Amendment 144 seeks to place a duty on the Secretary of State to make the register available on a quarterly basis to Parliament and Select Committees. Entry on the register is voluntary, but if the provider wishes to access the benefits of student support and official recognition as an HE provider, it must be registered. The OFS register is a single, comprehensive record of those English HE providers. It gives students consistent and comparable assurances about all registered HE providers. It will be updated in real time, as and when changes are made to it, so it will be live. The register and the information within it will be publicly available, and will be hosted on the OFS website. There would be little value in placing a duty on the Secretary of State to make available information that will already automatically be in the public domain. On that basis, although I understand the intentions here and fully agree with the need to promote these important issues, I do not believe that the amendment is necessary; the Bill already makes the relevant provisions. I ask the hon. Gentleman to consider withdrawing the amendment.

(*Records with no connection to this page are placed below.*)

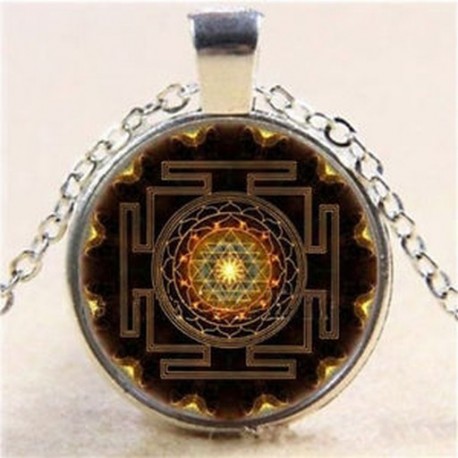 Divat ezüst lánc nyaklánc Sri Yantra fotó Cabochon üveg medál ékszerek
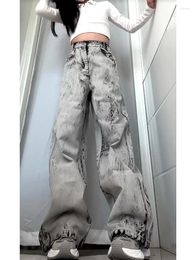 Women's Jeans Woman Patchwork Print Denim Tie-dyed Pants Wide Leg Trousers Streetwear Cargo Chic Unisex Gyaru Aesthetics Maillard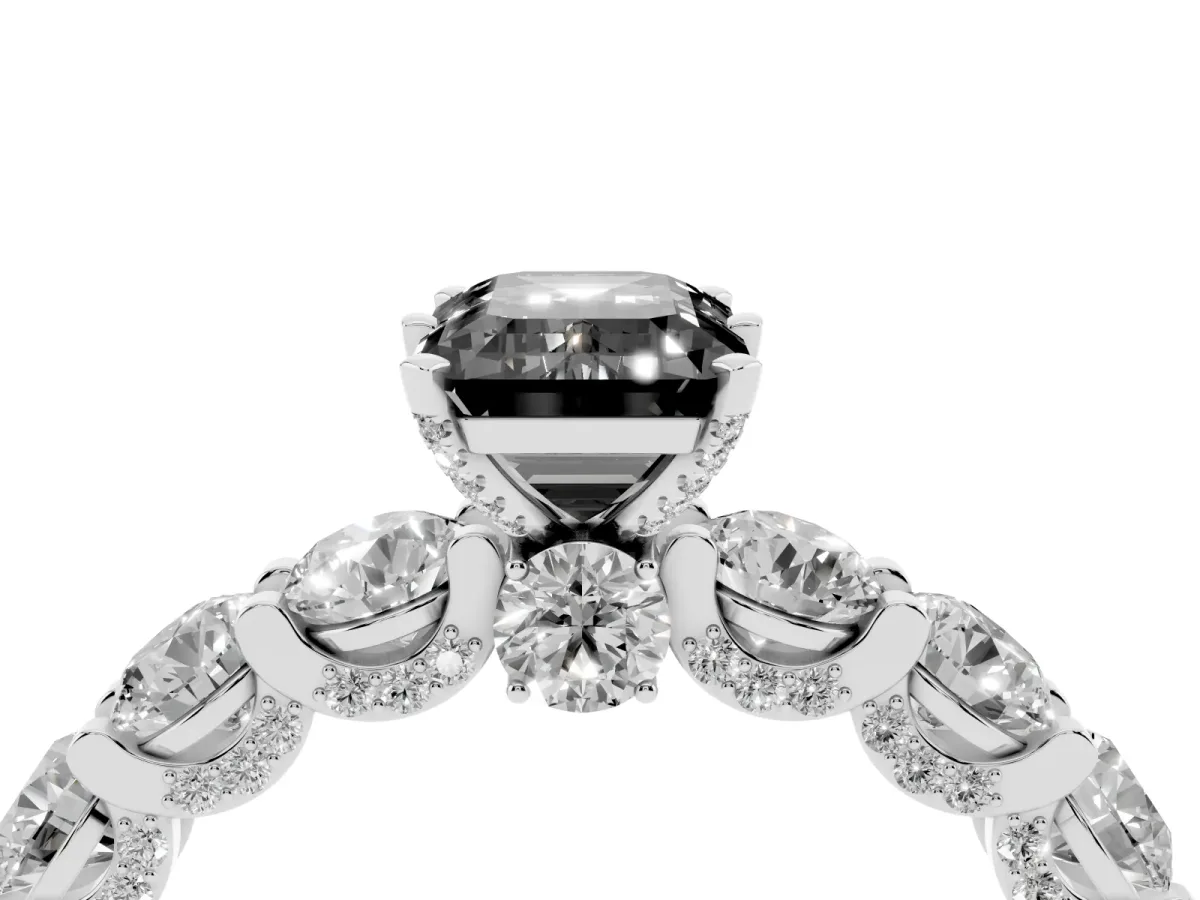 Fancy Black Emerald Cut Diamond Side Stone Engagement Ring with Four-Prong Setting Platinum
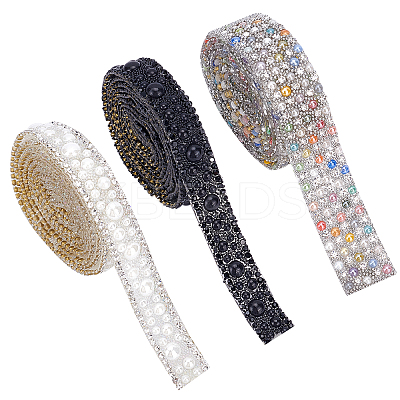 3Yards 3 Style Plastic Glitter Hotfix with Resin Rhinestone DIY-BC0003-35-1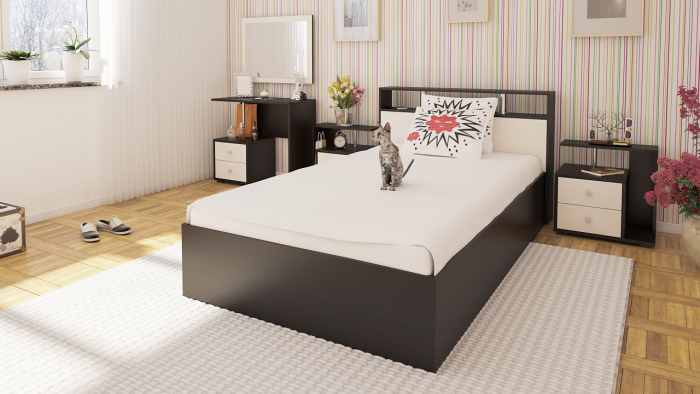 Камелия спальня № 6 Кровать 1200 + Две тумбы + Стол косметический + Зеркало, цвет венге/дуб лоредо, сп.м. 1200х2000 мм., б/м, основание есть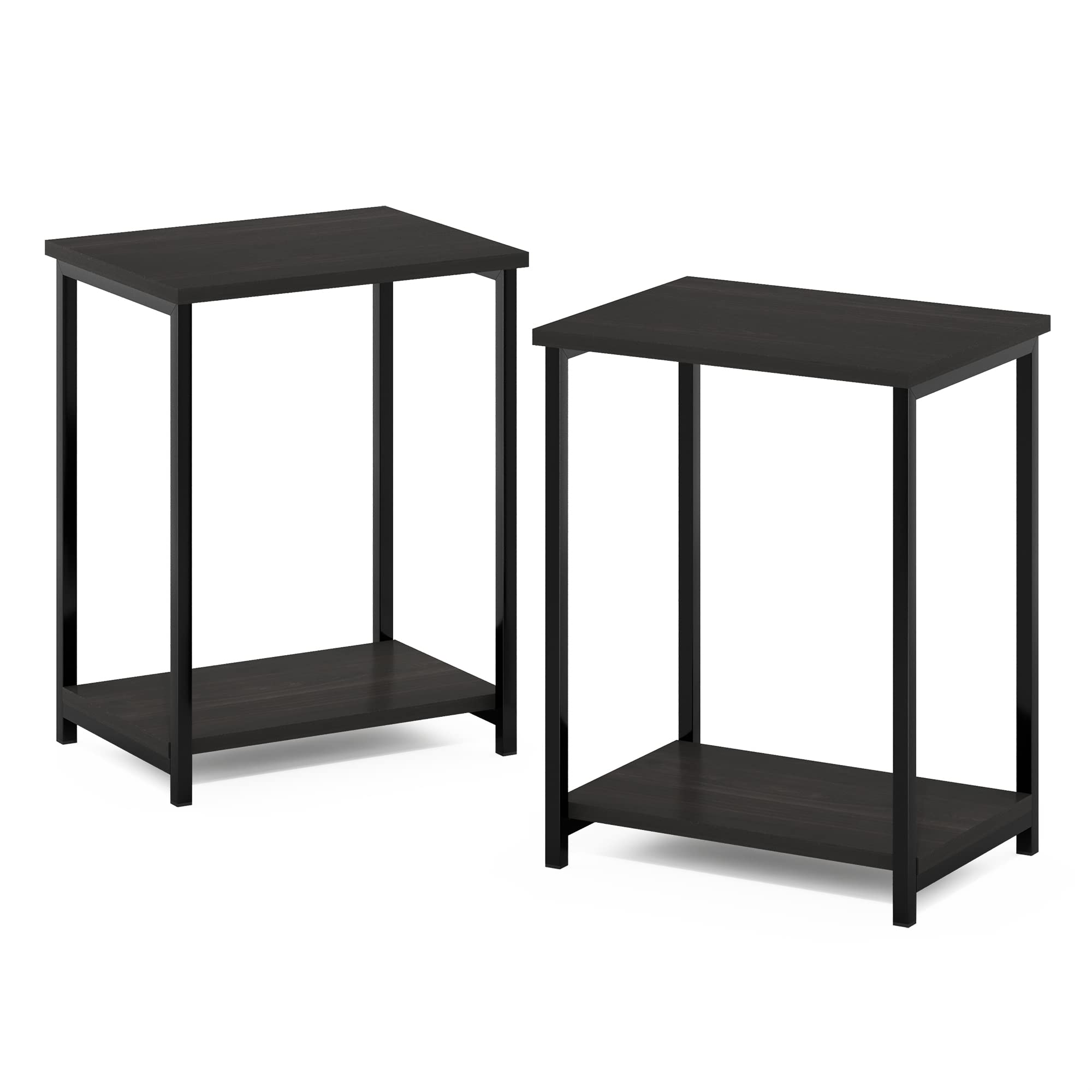 Furinno SIMPLISTIC Side Table Set of 2, 2-Tier Metal Frame End Table with Open Shelf, Night Stand, Bedside Table, for Living Room, Bedroom, Espresso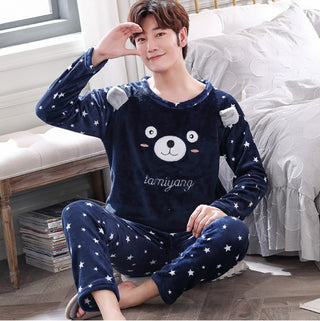 Coral Velvet Thickened Plus Velvet Cartoon Men's Pajamas - Phosgene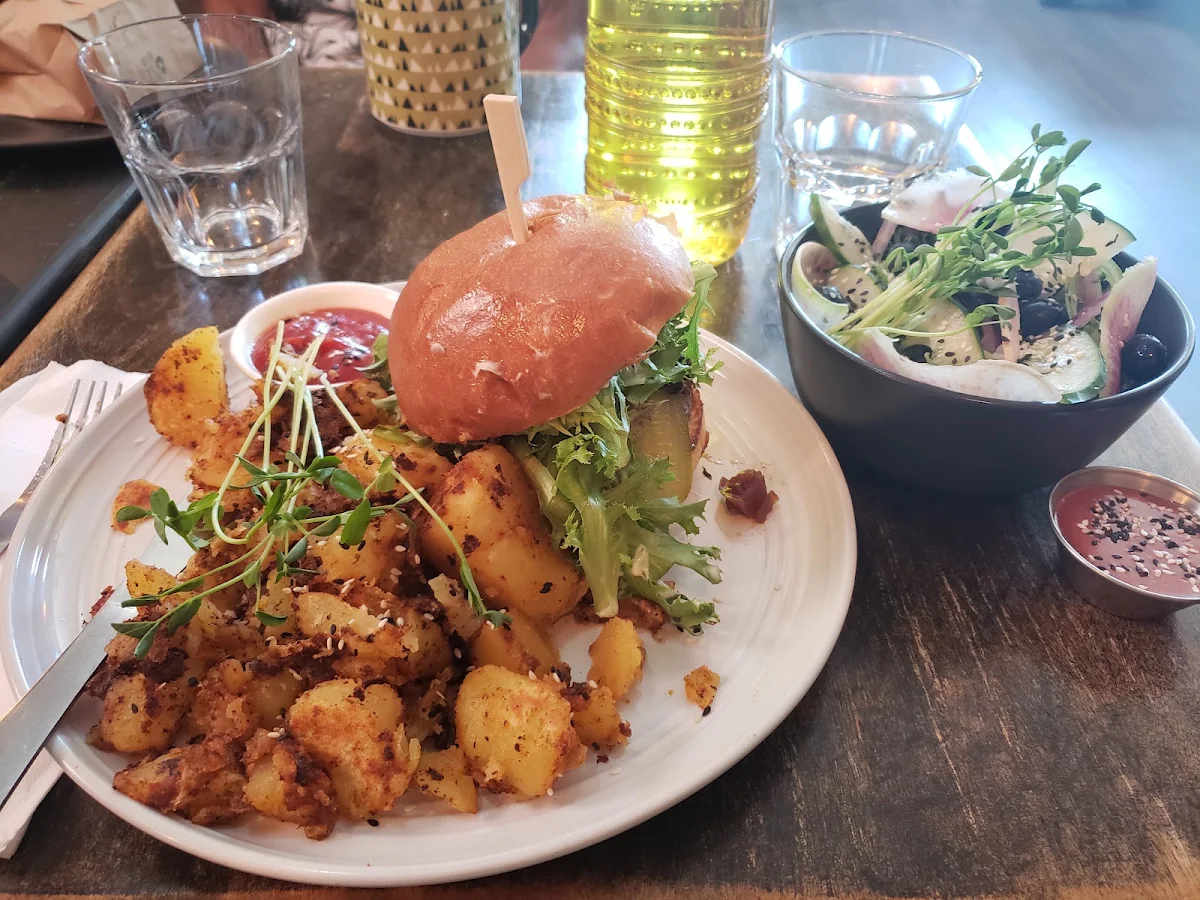 Veggie Burger Hash and Caesar Salad, Revelstoke Café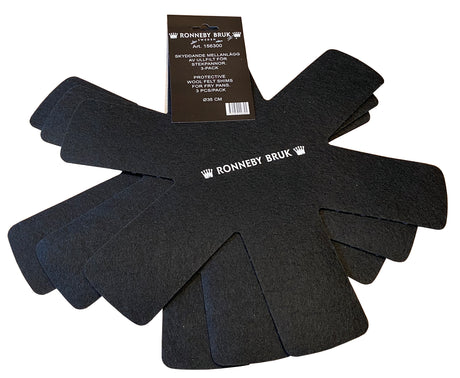Ronneby Bruk Stekpanneskydd 3-pack, svart m tryck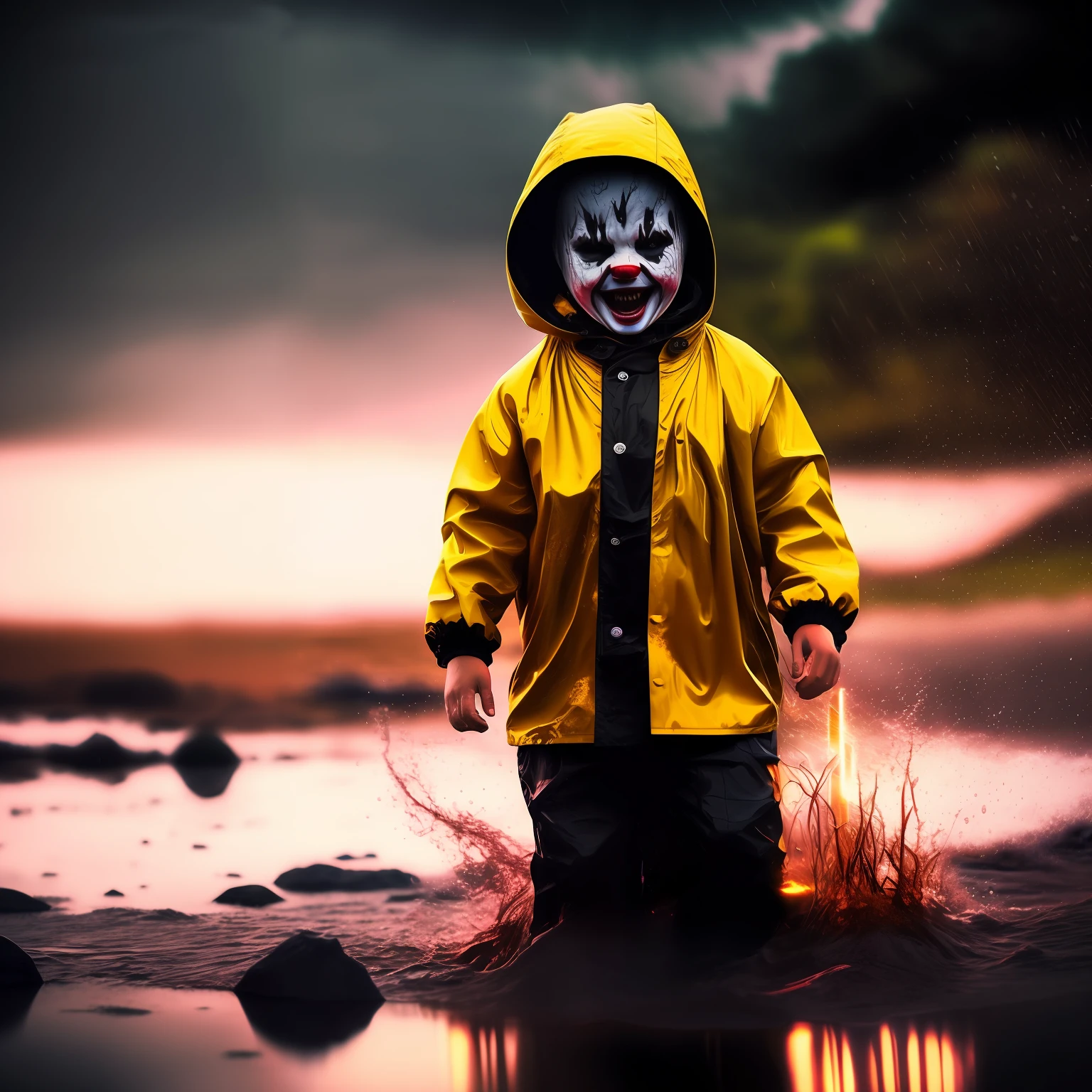 (A boy in a yellow raincoat, , screaming and twitching in muddy water, which overlapped his face, Why the screams were partially choked, bubbling.) Clown with burning eyes, Creepy smile in the background. Horror Style by Giger and Beksinski 4K trending on ArtStation Deviantart Pinterest Detailed Realistic HD 8K High Resolution Award-winning photography Photorealistic masterpiece Cinematic lighting Dark atmosphere Dramatic volumetric Octane lightning rendering Ultra-red colors Black light Earth fog Atmospheric fog Heavy rain Storm clouds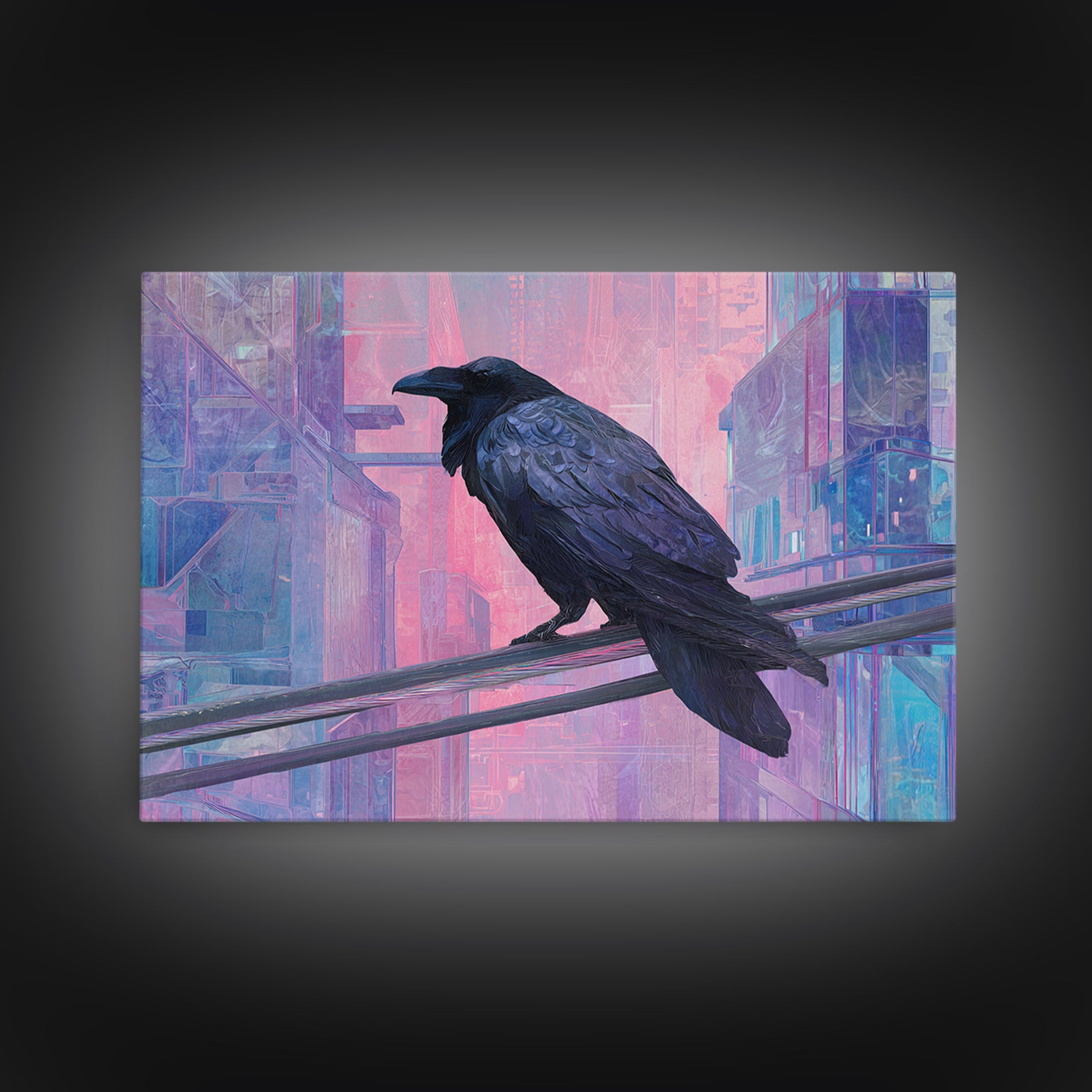 Cybernetic Raven Perched on a Cable Framed Canvas Print, Cyberpunk Art, Digital Download Art, Living Room Decor, Fine Art, Neon, CYB-3x2-15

I am grateful to the Minister for his thoughtful, succinct and indeed positive response to the intentions behind the two amendments. I am content with his explanation on amendment 143. I hear what he says about the information being available all the time, but one of the paradoxes of the digital age is that things that are there all the time for people to look at never get looked at because they are there all the time. I am not going to oppose this and I will withdraw the amendment, but I would ask the Minister and his officials to give proper thought as to how things are promoted online, rather than simply put online. I hope that the Department will take that on board. I beg to ask leave to withdraw the amendment.
Amendment, by leave, withdrawn.
Clause 3 ordered to stand part of the Bill.
Clause 4
Registration Procedure
I beg to move amendment 145, in clause 4, page 3, line 32, leave out “28” and insert “40”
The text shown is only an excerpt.